Friday 20 January 2012

Weddings, weavers, wool and weather

We stepped back a millennium and more just before Christmas, attending a lovely wedding in the Gloucestershire village of Bibury.   I must have some kind  of woolly antennae: it turns out the village was once a wool processing centre.  Its former monastic wool store built in 1380, now known as Arlington Row,  was turned into weavers cottages in the 1600s, and is now one of the most photographed locations in the Cotswolds.  It was  a joyous family wedding with all the right ingredients – love,  happiness and sincerity – but my goodness it was cold.  

The bride did very well considering the freezing temperatures and icy paths on the day, but one thing could have made her a lot warmer: a knitted wedding dress.  Sounds like an old-fashioned idea?  Not when taken up by knitwear designers and sheep flock owners Nicola Sherlock and Beate Kubitz at Makepiece.   Look at their latest knitted wedding dress: isn’t it just glorious?  It’s a culmination of everything natural, just as a bride should feel on her wedding day. 

Makepiece also create avant-garde wedding gauntlets, romantic wraps and scintillating stoles to keep any winter bride warm and confidently beautiful.  They’ve got a new fashion knitwear collection too, coming out in London Fashion Week in February. They’ll be at London Fashion Week’s  exhibition at Somerset House.  What’s more they’re well on the way to being a totally sustainable fashion house, working towards carbon neutrality.  I’m sure the amount of CO2 that’s  stored naturally in every sheep fleece, according to The Campaign for Wool, must be a help in making a significant contribution to reducing climate change.    

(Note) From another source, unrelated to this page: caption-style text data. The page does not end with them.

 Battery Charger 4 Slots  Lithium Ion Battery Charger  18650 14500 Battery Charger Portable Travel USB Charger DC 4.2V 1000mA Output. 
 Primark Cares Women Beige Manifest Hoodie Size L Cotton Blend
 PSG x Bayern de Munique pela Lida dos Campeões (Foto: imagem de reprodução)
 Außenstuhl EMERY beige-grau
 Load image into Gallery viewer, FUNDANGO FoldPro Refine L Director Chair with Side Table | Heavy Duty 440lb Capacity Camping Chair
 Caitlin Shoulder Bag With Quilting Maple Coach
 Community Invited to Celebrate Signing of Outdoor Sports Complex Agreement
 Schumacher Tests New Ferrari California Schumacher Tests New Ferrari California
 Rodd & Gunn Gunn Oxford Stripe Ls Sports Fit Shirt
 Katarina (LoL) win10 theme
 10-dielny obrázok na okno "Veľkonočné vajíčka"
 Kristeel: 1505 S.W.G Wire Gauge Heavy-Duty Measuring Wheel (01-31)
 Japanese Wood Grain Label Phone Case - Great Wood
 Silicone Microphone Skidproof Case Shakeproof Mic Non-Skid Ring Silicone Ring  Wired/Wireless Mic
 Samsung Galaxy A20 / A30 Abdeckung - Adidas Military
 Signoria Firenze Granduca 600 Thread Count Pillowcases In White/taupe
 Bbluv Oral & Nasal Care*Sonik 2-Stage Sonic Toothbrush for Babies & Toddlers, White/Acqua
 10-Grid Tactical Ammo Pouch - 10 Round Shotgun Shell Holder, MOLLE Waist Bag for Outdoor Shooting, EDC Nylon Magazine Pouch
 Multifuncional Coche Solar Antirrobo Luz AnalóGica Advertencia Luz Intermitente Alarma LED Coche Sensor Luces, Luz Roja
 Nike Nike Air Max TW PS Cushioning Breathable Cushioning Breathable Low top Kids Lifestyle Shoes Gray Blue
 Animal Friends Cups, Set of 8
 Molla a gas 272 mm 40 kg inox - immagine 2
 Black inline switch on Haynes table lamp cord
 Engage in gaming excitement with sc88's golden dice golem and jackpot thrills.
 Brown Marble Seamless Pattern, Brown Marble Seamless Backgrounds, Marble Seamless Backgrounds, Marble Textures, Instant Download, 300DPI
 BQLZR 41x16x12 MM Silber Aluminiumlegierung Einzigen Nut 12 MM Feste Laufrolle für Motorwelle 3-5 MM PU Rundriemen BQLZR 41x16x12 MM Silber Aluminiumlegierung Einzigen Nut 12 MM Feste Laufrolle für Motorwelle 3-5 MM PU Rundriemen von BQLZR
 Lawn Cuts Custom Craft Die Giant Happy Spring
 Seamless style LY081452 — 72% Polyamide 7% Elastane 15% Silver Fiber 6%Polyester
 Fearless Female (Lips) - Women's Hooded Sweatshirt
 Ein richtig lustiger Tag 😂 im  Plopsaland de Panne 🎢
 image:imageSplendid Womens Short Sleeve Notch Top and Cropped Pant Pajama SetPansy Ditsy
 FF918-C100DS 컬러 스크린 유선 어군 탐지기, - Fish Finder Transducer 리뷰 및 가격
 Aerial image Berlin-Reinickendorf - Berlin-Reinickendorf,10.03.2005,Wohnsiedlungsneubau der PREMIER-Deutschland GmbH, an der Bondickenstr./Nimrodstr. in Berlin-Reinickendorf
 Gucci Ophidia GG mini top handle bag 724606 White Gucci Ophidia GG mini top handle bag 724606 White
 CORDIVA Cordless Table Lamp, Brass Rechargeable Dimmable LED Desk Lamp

With the UN’s Rio+20 conference taking place this summer, it’s forward-thinking companies like Makepiece, along with all us fleece-users (and thus CO2-storers) in the hand-spinning community who are showing the way forward, not just to sustainable clothing but to a more sustainable global environment.  Enjoy your spinning, and remember the good you’re doing for the climate every time you turn your hand-spun into a long-lasting, carbon-storing garment - wedding dress or otherwise! 

1 comment:

  1. Stunning wedding dresses! Well you've made me feel better today - I do have a reason for living - I'm helping to save the planet with my roomful of stored CO2!